EXERCISE REQUIREMENTS: Print exactly the lines from the one containing "ウイッシュ1.2cmのひび割れ" through the last line of the entries below; the pictures stay out of the copy.

MATERIAL SUPPLIED:

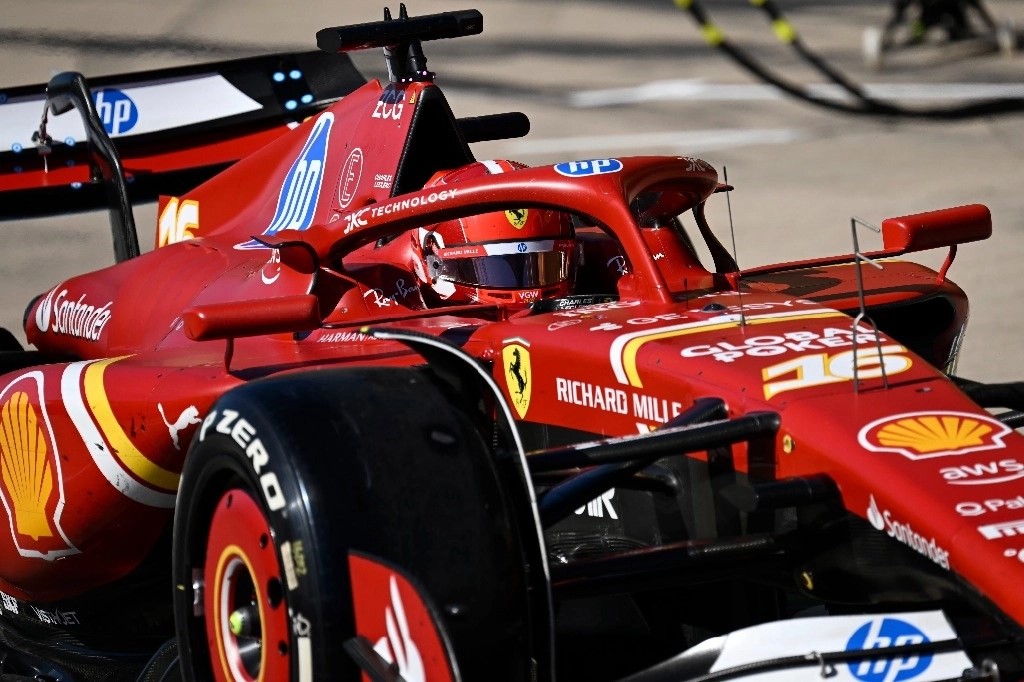 El piloto de Ferrari Charles Leclerc, de Mónaco, sale de boxes durante la carrera de autos del Gran Premio de Estados Unidos de Fórmula 1 en el Circuito de las Américas, el 20 de octubre de 2024, en Austin, Texas. 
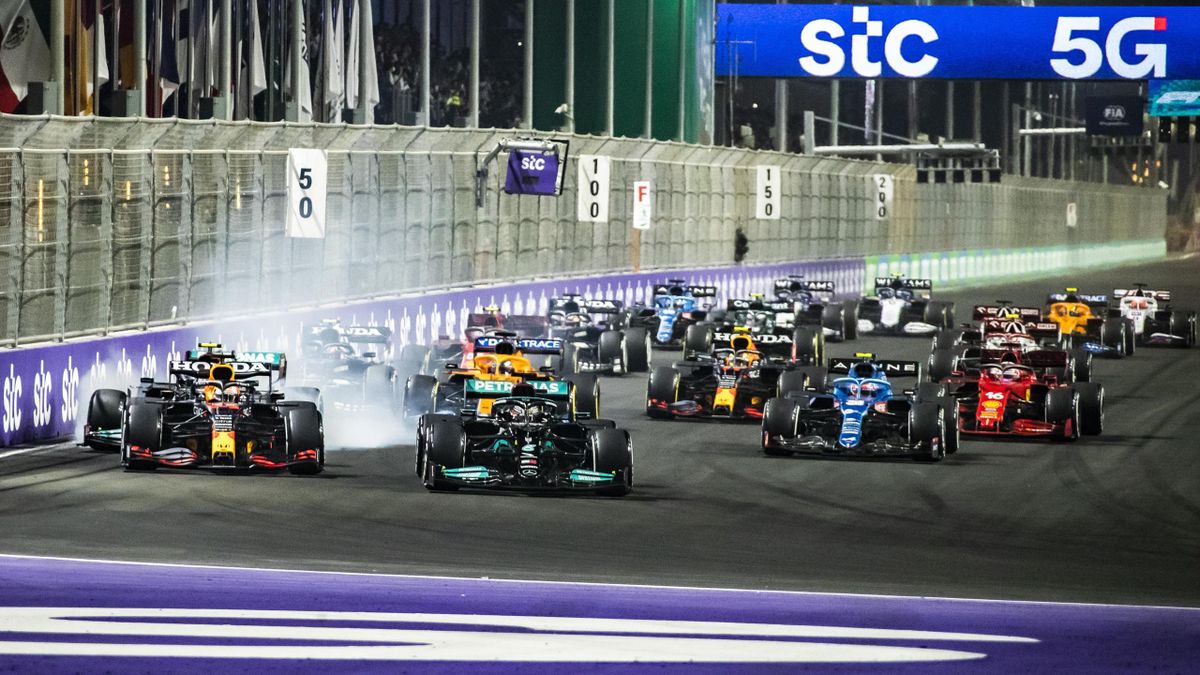 New start, in the lead Lewis Hamilton, Max Verstappen, Esteban Ocon, Valtteri Bottas and Charles Leclerc during the Grand Prix Formula One of Saudi Arabia on December 05, 2021 in Jeddah, Saudi Arabia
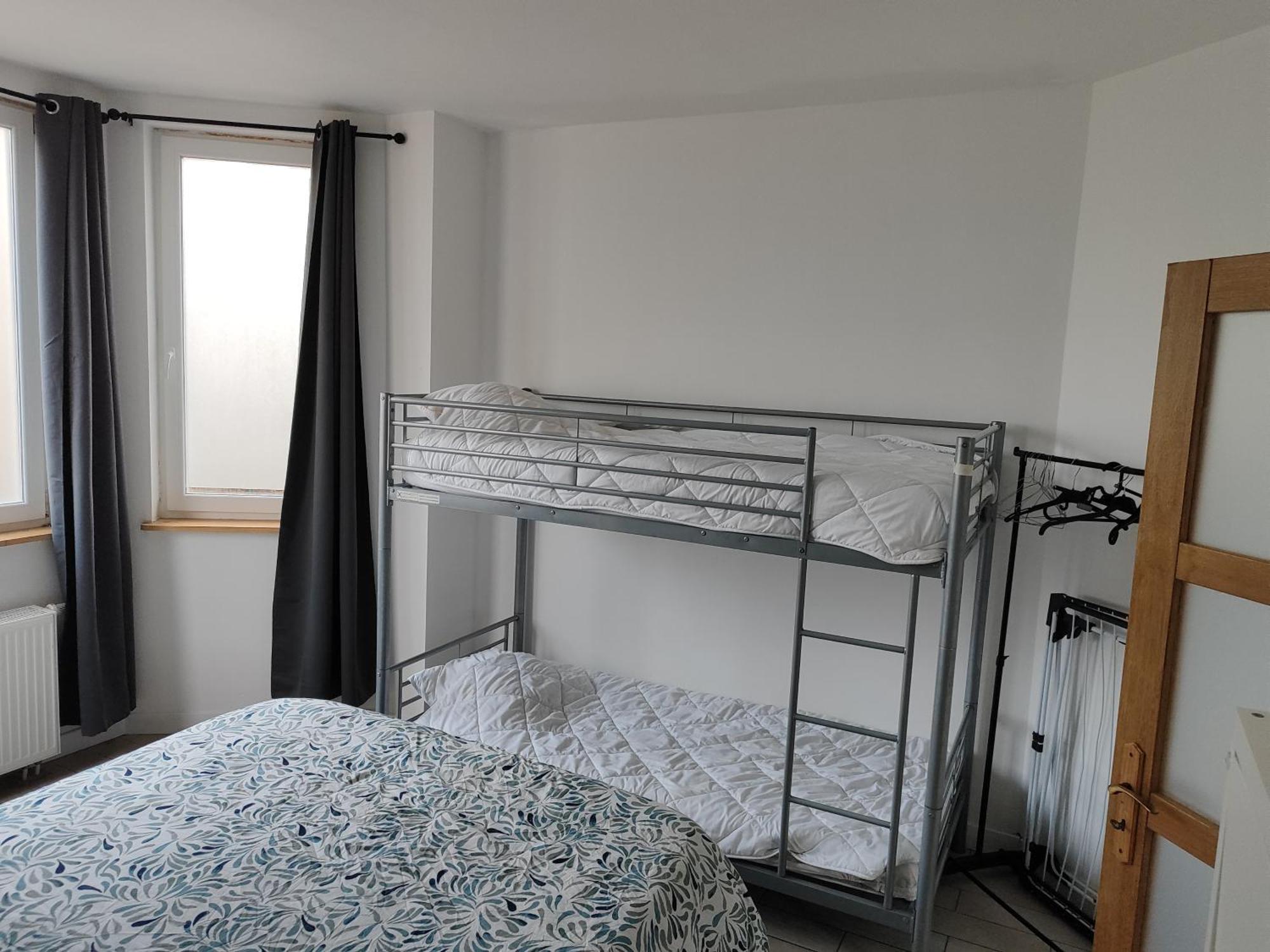 Appartement Spacieux Avec Parking Et Terrasse De Panne Zewnętrze zdjęcie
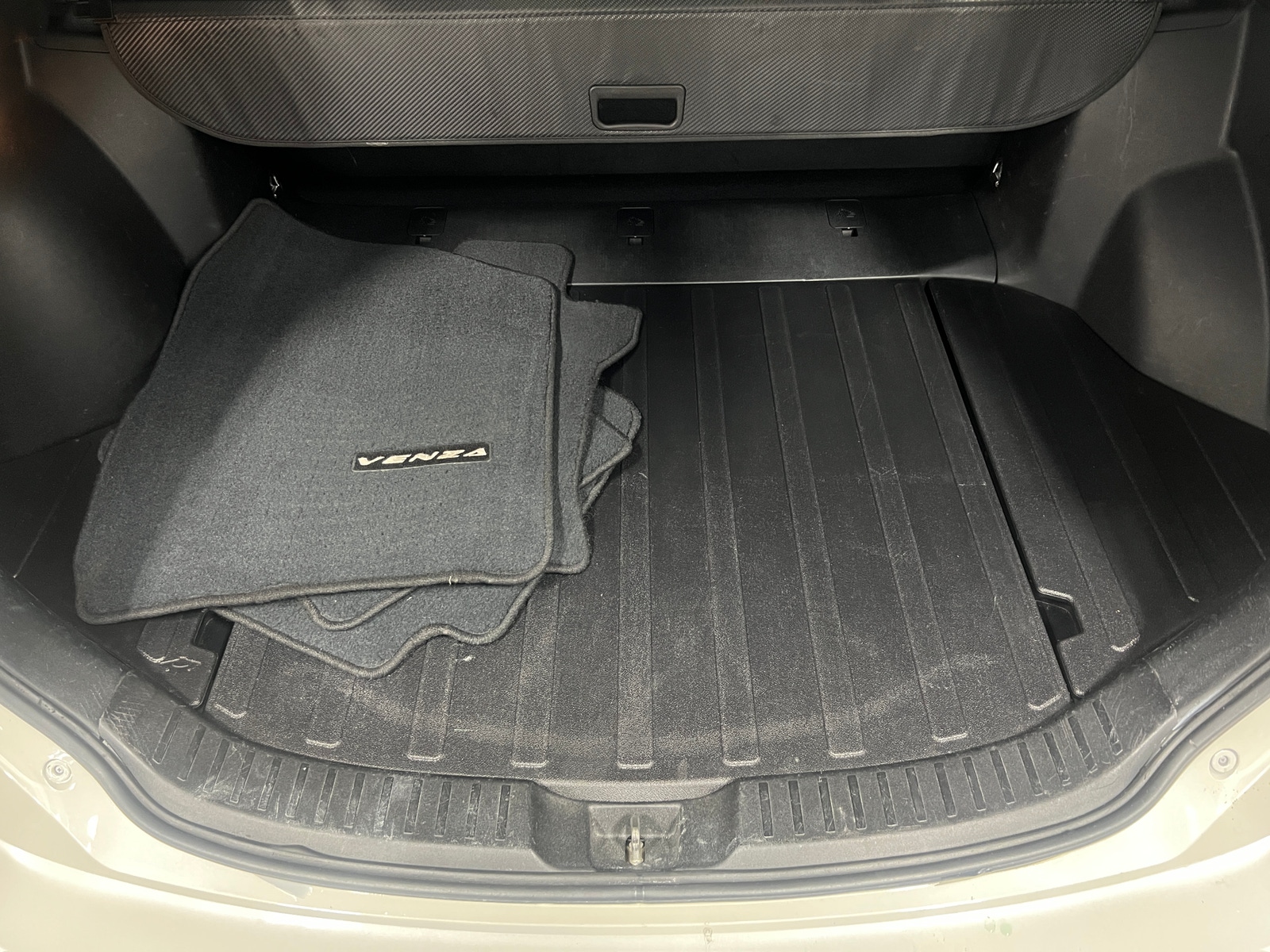 Thumbnail: 2013 Toyota Venza - 7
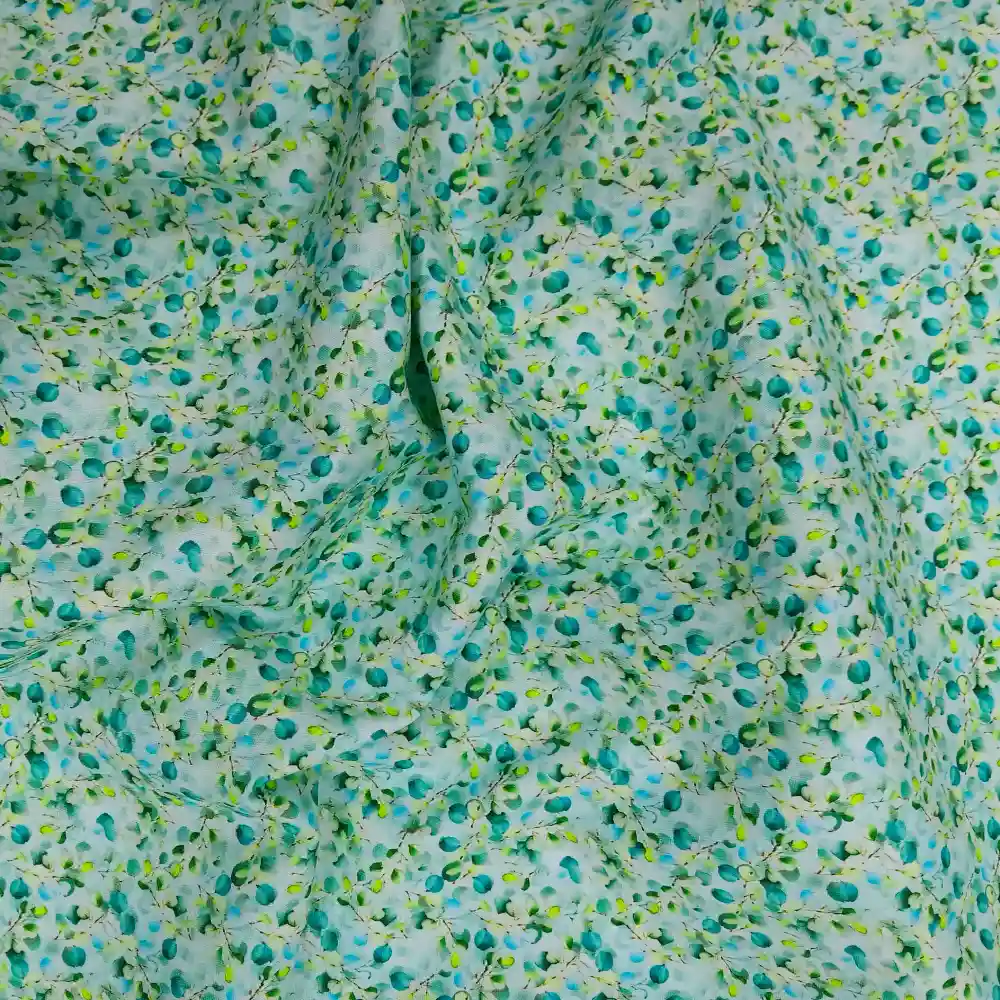 Tela de algodón estampada con hojas de eucalipto verdes sobre fondo claro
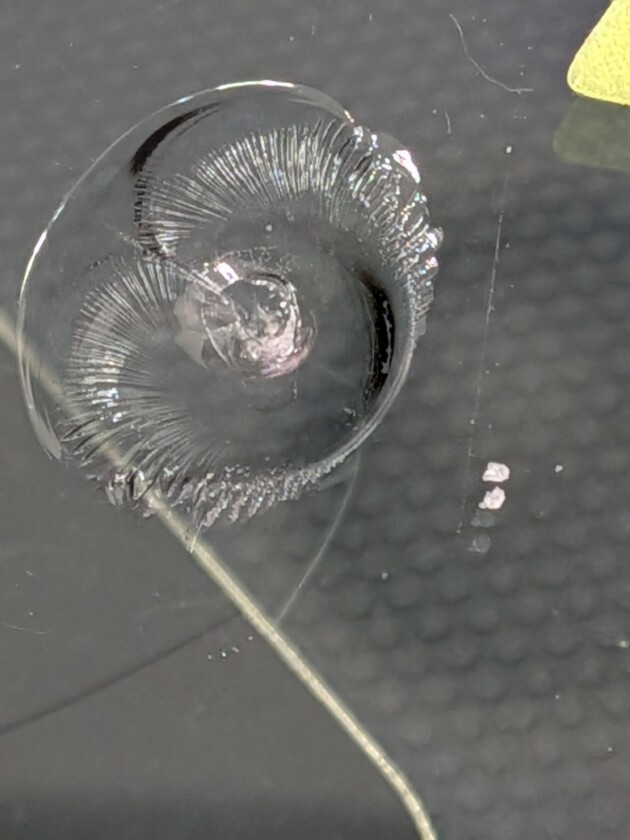 ウイッシュ1.2cmのひび割れ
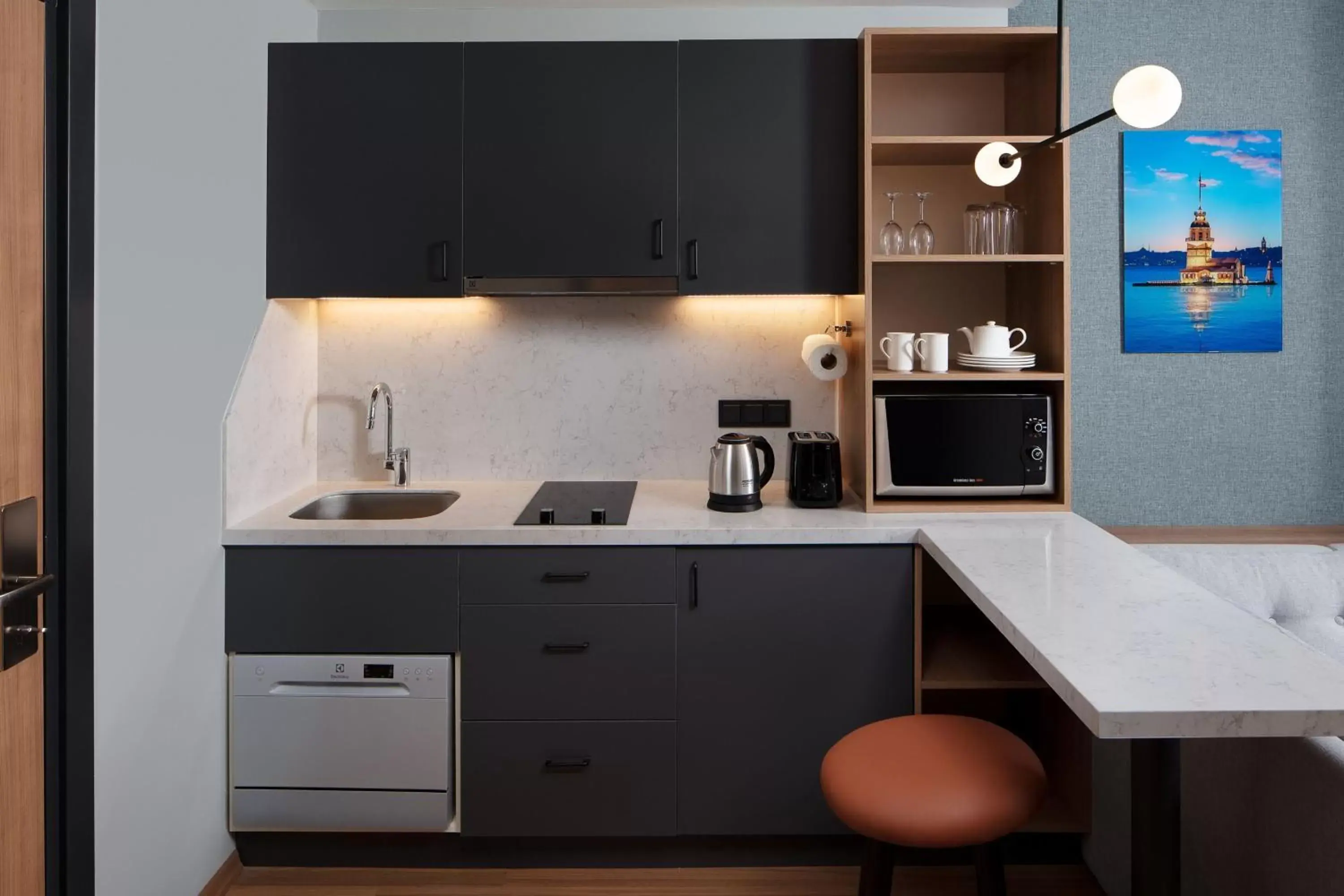Photo of the whole room, Kitchen/Kitchenette in Residence Inn by Marriott Istanbul Atasehir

ANSWER BOX:
 ウイッシュ1.2cmのひび割れ
Photo of the whole room, Kitchen/Kitchenette in Residence Inn by Marriott Istanbul Atasehir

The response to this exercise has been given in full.